Question

When a mixture of $NaBr$ and $NaCl$ is repeatedly digested with $H_{2}S{O}_4$, all the halogens are expelled and ${Na}_{2}S{O}_4$ is formed quantitatively. With a particular mixture, it was found that the mass of ${Na}_{2}S{O}_4$ obtained is precisely the same as the mass of $NaBr$ and $NaCl$ mixture taken.
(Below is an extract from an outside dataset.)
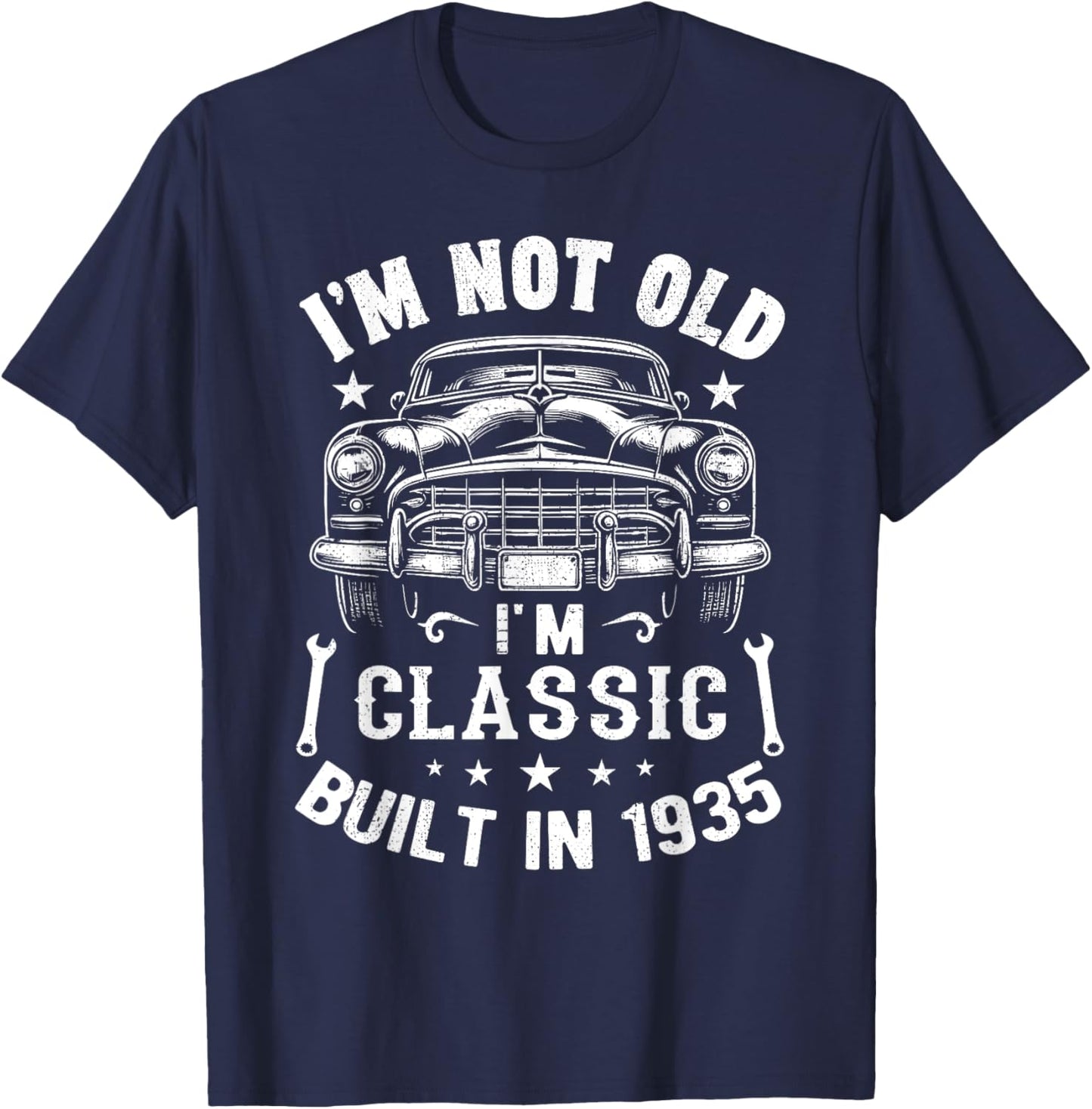 I'm Not Old I'm A Classic Born 1935 Car Graphic Birthday T-Shirt - T-Shirt | Navy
The mass ratio of $NaCl$ and $NaBr$ in the mixture is (as nearest integer only) :

Answer 1

$NaBr\stackrel{H_{2}S{O}_4}{\to }{Na}_{2}S{O}_4$
$a$ g
$NaCl\stackrel{H_{2}S{O}_4}{\to }{Na}_{2}S{O}_4$
$b$ g
$\therefore$ Meq. of $NaBr+$ Meq. of $NaCl$ $=$ Meq. of ${Na}_{2}S{O}_4$
Meq. of ${Na}_{2}S{O}_4$ formed $=\frac{a}{103}\times 1000+\frac{b}{58.5}\times 1000$ $=9.71a+17.09b$
$\frac{w}{\frac{142}{2}}\times 1000=9.71a+17.09$
$w=\frac{142}{2000}[9.71a+17.09b]$
Also,
mass of $NaCl+$ mass of $NaBr$ $=$ mass of ${Na}_{2}S{O}_4$ formed
$a+b=\frac{142}{2000}[9.71a+17.09b]$

$\frac{a}{b}=\frac{426.78}{621.18}=0.687$

Ratio of $\frac{\text{NaCl}}{\text{NaBr}}$ $=\frac{b}{a}=\frac{1.455}{1}$
So, the ratio as nearest integer is $1$.